Nick Nelson – Alexandria, VA

Something I have always prided myself on, especially as I advance further into adulthood, is personal growth. I believe it to be incredibly important to regularly take stock of yourself, see what you’re doing right, note what you’re doing wrong and evaluate how each of those factors fit into your life.

In doing that, I realize I’ve often made some bad choices as it relates to my personal belief systems, specifically my politics. There was one incident in particular that really sticks out as, “Yeah, Nick, you blew this one.” Let me elaborate.

Krystal Ball
Krystal Ball

In 2010, Krystal Ball was running for Congress in Virginia’s 1st District against then (and current) incumbent Rob Wittman, a Republican. Coming into the race, she knew herself to be an underdog, holding no illusions about how uphill her battle would be. But things got even worse when a series of pictures were dredged up of her and her then-boyfriend in lewd poses, wearing suggestive outfits. The internet, predictably, went into a tizzy.

I, being much less refined with my maturity — and at the time skewing far more Republican in my politics — bought into the faux outrage: “How unprofessional! How unpolitic! That’s no way for a member of Congress to act!”

The truth is, these photos probably did nothing. Rob Wittman won with 64 percent of the vote, while Ball notched 34.8 percent in a district redder than a cardinal’s feather. There likely was nothing she could have done in order to secure a victory in a district so firmly against her politics and her party.

Rob Wittman

But here we were — here I was — young, unpolished voters in the internet age, latching onto misplaced outrage just to…what? Make a point? What was it about these pictures that offended us so deeply? What was it about a silly night out for Ball and her friends which made me certain I could attack her person, her identity and her qualifications? Had it been a male candidate running for office, would I have found these pictures to be so shocking? What if they had been old pictures of Rob Wittman?

Fast forward to 2017, and the internet has only gotten more ferocious, the sanctimony only more misplaced. When controversial internet firebrand Tomi Lahren, a staunchly Republican commentator for “The Blaze,” had some old Tweets dredged up from her college days (right, cause we all were perfect in college and never got up to anything), once more everyone freaked out. So when she complained about having to go to summer school, or about getting a job at her mom’s store or had a picture of herself next to a body-painted model at a bar, I realized the internet was…being more than a little witchhunt-y.

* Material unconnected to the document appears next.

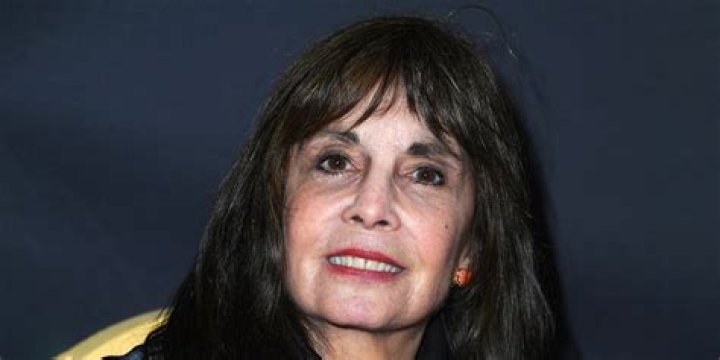Who Is Diane Mountford? Everything To Know About The Actress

Now wait, I’m sure you’re saying. You bashed a Democrat for essentially doing the same thing. You’re right, I did and I was wrong. I grew up. I realized how awful it is to slut-shame ANYONE, even people who say things I disagree with and find offensive. Make absolutely no mistake, I think Tomi Lahren has said VILE things about blacks, about Democrats, about, well, anything that comes into her mind. I don’t like her, and I would never want to be in the same room as her. But she is a human being, and she is entitled to be as outrageous as she wants. Even now, as a young professional woman, she is entitled to cut loose and have a wild night out. There is no fame, no notoriety, no ANYTHING that makes it okay to demean a woman for her identity.

I plead for all readers to consider the damage done by ad hominem attacks or slut-shaming. The minute we treat any woman — any human — as less deserving of equality or sense of self, purely based on politics, we fail as a community. At the end of the day, and especially with the incoming inauguration of such a dangerous ideologue entering the White House, we must remember to always take the high road, and to treat each other as equals. You can always disagree, but do not ever demean.